I would still invite them, but I would make it very clear that you’ll understand completely if they can’t make it – if it is genuinely a financial hardship for them, they shouldn’t feel obligated to attend.
Post # 6
We had a really similar situation with DH uncles and aunts. His mother was behind a lot of it, but his entire family was annoyed that we were getting married in our state and that they would have to travel in if they wanted to attend, they weren’t the only ones having to travel either, but they thought they were the only ones who mattered, we researched and found the cheapest hotels and it still wasn’t good enough. They ended up saying they were coming but when invites went out none of them sent back the RSVP’s, so we had to chase them and all said and done they said it was too far, all 8 of them live all over the place too ( whatever) but it didn’t stop one of the uncles from driving 7 hours to just show up unannouced with his children to our RD . Some people are just crazy and want to start problems. I say just go and invite them and ignore their BS, because all said and done, if they are having such an issue about it now then they probably won’t come, and that will be a blessing for you. I would also stop trying to help them with their travel if they are going to be ungrateful and catty towards you and your FI.
Post # 7
they’re family, so you should still invite them. just ignore whatever they say about the wedding, and ask your mom or someone to field all of their questions. if travelling to NY is as much a problem as they’re letting on, they won’t go. it sounds like they just want to complain though, so try to pass them on to someone else to listen to it!
Post # 8
@youhavemyheart:I am considering a destination wedding because I do not want 2 of my uncles to come. Both of them are broke, abuse alcohol and they would complain about how lavish my lifestyle is and how I should do more for them (we are not rich, I consider myself middle class-upper middle class). So, to avoid hearing their stupid comments I will have a wedding full of friends and family that are suppotive and normal. I would advise you to do what makes you happy. If they are full of complaints and drama, leave them at the house! You won’t regret it.
Post # 9
Seriously, they’re not entitled to any bending from you. If it’s too far for them to travel, then they can stay home. Period. I think you should invite them, but if they complain again after being invited just tell them you’re not discussing it anymore and leave the room.
Post # 10
I did not invite one of my cousins because he is back with his crazy ex-wife. She has caused all kinds of problems in the family in the past and no one could believe that he was taking her back. I explained to my Aunt that her and her other 3 children would be invited but due to past issues I wasn’t inviting my other cousin. It was no biggie.
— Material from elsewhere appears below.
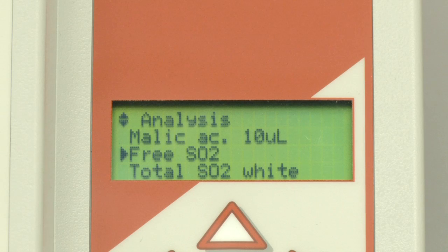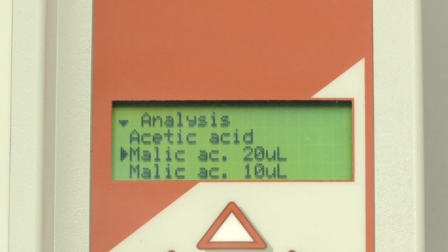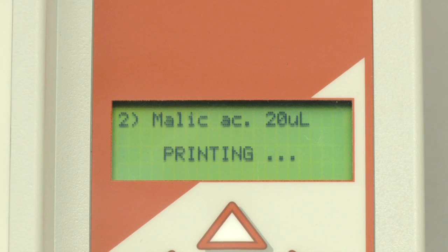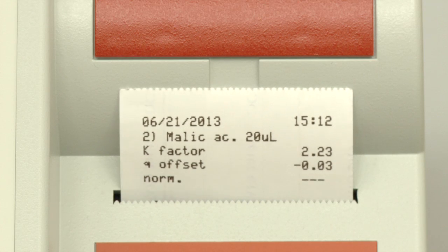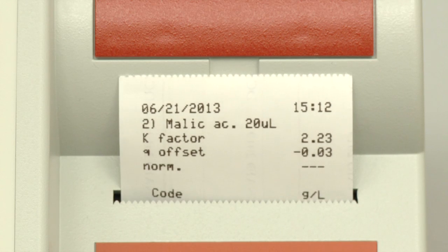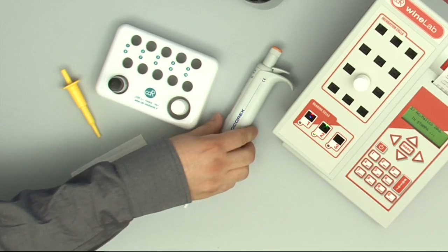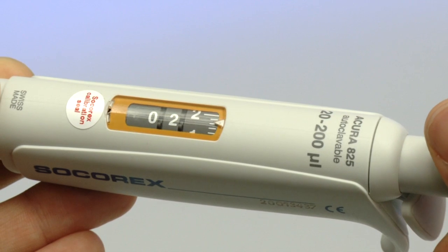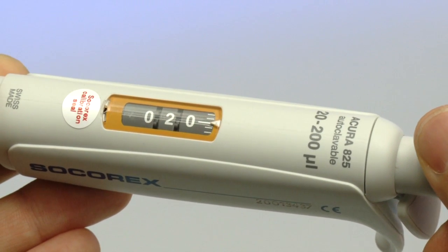From the main menu, select the malic acid curve test, 20 microlitres, and press Enter. The test parameters are printed and incubation one minute displays. Adjust the volume of the Socceret's 20–200 microlitre pipette to 20 microlitres.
Now I also didn’t invite one of my Aunts. I invited her ex-husband, my Uncle, because we are much closer, needless to say, there was some backlash and some negative FB chatter between family members. I however just stuck to the thought process that it was my day and I wanted the people that I loved the most there with me. It’s all good now and it blew over quickly.
Post # 11
I agree with other bees in that if you’ve already talked to them about the wedding, send out an invite and see what the RSVPs are.
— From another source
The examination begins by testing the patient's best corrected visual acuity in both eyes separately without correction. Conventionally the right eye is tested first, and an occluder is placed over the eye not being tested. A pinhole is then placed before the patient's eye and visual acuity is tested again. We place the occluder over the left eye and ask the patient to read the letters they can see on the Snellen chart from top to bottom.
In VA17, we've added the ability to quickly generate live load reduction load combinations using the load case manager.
However, I would be frank and upfront with them the next time they start this line of snarky questioning, telling them that x is the location for xyz reasons, there’s no negotiation on it, and if it’s too much of a burden then you’re sure to miss them at the wedding. They’re adults, they should grow up. My father’s not invited to my wedding. I’ve emailed a few of his sisters/brothers letting them know that I’d like them there, but if it’s too awkward of a situation for them (not being able to share the details with him as he is NOT to show up with one of them) then I entirely understand them not coming. Put the ball in their court and then they can make their decision and live with it.